■ WHAT YOU WILL DO ■
Could you report every line of the listing below that holds the word "Green"?

■ TASK DATA ■
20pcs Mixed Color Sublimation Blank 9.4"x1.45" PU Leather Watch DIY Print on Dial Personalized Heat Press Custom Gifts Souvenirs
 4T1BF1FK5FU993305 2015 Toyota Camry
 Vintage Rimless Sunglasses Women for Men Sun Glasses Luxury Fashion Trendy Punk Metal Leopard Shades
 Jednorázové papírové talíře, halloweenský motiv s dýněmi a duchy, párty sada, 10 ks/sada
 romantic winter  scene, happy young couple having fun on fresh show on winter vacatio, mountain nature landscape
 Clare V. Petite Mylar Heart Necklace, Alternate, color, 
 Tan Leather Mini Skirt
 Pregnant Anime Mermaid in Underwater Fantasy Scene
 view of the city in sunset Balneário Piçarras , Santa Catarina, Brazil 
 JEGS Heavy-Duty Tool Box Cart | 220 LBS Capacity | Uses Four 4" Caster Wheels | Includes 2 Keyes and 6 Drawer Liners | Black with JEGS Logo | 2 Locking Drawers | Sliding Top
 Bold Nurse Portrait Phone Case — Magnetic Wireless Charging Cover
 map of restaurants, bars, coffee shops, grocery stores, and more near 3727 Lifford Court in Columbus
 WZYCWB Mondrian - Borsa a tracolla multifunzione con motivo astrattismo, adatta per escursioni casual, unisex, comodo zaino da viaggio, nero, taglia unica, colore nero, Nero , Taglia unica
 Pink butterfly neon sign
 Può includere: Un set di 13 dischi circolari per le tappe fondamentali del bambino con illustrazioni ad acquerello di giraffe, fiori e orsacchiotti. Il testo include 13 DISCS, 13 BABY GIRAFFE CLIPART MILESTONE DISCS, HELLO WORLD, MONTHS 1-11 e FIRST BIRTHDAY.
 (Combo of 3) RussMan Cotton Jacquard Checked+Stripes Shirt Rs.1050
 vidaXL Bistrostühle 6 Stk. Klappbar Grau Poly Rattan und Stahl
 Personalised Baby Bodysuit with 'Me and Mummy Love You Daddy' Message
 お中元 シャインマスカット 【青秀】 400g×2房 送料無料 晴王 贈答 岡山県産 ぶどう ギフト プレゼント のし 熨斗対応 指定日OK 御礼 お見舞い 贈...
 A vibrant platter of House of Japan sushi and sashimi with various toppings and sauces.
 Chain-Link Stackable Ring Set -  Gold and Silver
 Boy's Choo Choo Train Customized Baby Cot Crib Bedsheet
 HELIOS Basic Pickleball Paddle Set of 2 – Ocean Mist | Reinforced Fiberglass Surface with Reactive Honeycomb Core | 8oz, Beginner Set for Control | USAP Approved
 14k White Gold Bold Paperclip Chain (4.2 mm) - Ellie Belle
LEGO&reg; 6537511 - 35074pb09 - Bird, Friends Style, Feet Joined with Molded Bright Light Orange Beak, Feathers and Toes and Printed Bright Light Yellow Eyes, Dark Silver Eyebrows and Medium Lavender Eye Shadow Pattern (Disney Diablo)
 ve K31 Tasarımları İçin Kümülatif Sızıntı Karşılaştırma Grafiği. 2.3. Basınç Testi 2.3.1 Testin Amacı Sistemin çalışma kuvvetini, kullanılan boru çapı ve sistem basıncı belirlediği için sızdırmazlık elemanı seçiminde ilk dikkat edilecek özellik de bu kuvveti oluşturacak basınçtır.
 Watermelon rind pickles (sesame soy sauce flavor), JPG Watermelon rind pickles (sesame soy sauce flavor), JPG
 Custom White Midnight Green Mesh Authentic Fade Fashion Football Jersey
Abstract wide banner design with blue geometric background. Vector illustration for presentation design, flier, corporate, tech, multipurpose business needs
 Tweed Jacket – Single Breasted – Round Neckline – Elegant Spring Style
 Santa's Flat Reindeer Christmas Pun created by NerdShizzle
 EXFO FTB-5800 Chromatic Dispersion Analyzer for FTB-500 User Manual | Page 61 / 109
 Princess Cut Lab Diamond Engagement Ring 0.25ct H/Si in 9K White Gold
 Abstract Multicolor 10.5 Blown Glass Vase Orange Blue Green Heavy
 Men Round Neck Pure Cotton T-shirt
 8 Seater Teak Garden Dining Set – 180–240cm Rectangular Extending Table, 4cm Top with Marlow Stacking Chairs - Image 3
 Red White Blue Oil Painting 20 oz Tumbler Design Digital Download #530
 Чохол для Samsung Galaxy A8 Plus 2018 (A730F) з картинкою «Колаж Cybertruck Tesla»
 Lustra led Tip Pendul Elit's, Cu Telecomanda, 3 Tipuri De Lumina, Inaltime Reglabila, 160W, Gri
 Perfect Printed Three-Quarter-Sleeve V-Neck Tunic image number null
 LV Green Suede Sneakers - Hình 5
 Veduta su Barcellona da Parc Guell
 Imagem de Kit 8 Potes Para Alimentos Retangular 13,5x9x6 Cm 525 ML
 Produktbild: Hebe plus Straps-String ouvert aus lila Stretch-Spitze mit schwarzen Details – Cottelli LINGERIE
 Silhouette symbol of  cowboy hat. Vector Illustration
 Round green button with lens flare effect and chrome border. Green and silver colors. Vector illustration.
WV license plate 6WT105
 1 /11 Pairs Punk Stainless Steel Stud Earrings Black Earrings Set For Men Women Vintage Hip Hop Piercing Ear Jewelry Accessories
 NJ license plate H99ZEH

■ SOLUTION ■
 Custom White Midnight Green Mesh Authentic Fade Fashion Football Jersey
 Abstract Multicolor 10.5 Blown Glass Vase Orange Blue Green Heavy
 LV Green Suede Sneakers - Hình 5
 Round green button with lens flare effect and chrome border. Green and silver colors. Vector illustration.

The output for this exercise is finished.